January 2014 Sampler

by Jim on 2024/01/01

Greetings, and welcome to the January 2014 Sampler essay here on Jimbaux’s Journal, which, of course, chronologically follows from the “December 2013 Sampler” essay.  These “Sampler” essays show one image from each date in the given month in which I made a presentation-worthy photograph; they function as a substitute for full-day blog posts of all of the presentation-worthy photographs on one date, as such posts are very time-consuming to make.

This essay is being written on 2023 December 30-31, just shy of 10 years before the images presented were made and only a few weeks after I reprocessed most of the images that I took in 2014, for the purposes of these presentations.

These Sampler essays throughout 2014 include both already-published images and never-before-published images, but nearly all of the ones from and including August to November have already been published in individual day-blog-post form, meaning that there is little point in making sampler essays for those months, but I will do so anyway to maintain continuity and because doing so doesn’t require that much effort and because it offers an opportunity to present pictures in a different way.  Some of the images from other parts of the year, too, have already been published.

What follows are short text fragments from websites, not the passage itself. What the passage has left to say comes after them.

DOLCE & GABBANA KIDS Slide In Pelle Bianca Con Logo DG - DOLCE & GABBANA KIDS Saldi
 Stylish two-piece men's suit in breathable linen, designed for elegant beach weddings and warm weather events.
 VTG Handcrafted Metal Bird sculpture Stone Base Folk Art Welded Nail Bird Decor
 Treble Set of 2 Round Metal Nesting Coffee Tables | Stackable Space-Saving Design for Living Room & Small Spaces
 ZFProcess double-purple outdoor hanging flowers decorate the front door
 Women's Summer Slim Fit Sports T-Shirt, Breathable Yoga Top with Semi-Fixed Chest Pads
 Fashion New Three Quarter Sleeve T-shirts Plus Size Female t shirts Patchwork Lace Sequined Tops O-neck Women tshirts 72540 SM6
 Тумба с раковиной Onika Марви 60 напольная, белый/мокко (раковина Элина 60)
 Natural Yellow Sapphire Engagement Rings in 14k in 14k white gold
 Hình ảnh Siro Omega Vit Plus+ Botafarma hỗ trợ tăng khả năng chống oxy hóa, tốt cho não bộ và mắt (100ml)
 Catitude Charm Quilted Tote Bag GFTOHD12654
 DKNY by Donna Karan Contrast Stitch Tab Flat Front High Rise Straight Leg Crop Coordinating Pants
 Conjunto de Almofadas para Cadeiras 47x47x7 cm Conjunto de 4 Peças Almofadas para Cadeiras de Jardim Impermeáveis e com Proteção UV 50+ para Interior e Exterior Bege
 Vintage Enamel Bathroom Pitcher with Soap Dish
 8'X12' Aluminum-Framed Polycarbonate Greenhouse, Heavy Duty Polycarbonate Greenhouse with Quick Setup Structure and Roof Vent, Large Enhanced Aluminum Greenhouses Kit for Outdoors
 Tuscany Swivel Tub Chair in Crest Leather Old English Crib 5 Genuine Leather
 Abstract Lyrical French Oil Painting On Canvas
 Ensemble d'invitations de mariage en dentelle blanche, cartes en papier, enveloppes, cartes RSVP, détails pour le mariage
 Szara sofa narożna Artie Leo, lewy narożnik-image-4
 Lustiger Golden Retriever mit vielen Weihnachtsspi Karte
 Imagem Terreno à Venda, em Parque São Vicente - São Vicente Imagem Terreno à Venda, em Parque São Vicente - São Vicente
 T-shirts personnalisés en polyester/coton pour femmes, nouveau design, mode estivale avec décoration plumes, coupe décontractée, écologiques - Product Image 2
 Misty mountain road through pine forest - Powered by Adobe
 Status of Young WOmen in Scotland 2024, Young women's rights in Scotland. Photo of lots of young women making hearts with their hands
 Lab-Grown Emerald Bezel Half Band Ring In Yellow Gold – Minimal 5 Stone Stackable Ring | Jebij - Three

This month, January 2014, was a time of transition for me which is why it shows a slight variation in my historic habit of doing plenty of train chasing and railroad photography in the two-week period surrounding Christmas and New Year’s Day.  This habit was described in the “December 2003 Images” essay, and I encourage you to read it, because it very much explains the entire approach to this publication that you are reading.

In this case, I had just quit my teaching job and was going back to school toward the end of January.  So, this time in which I would already be back at work in early January and in which my permission to spend my nights in the metropolitan New Orleans area was in danger was now the best time for me to focus on some photographic targets that had long been on my to-do list, including things that were day trips from New Orleans in easterly and northerly directions.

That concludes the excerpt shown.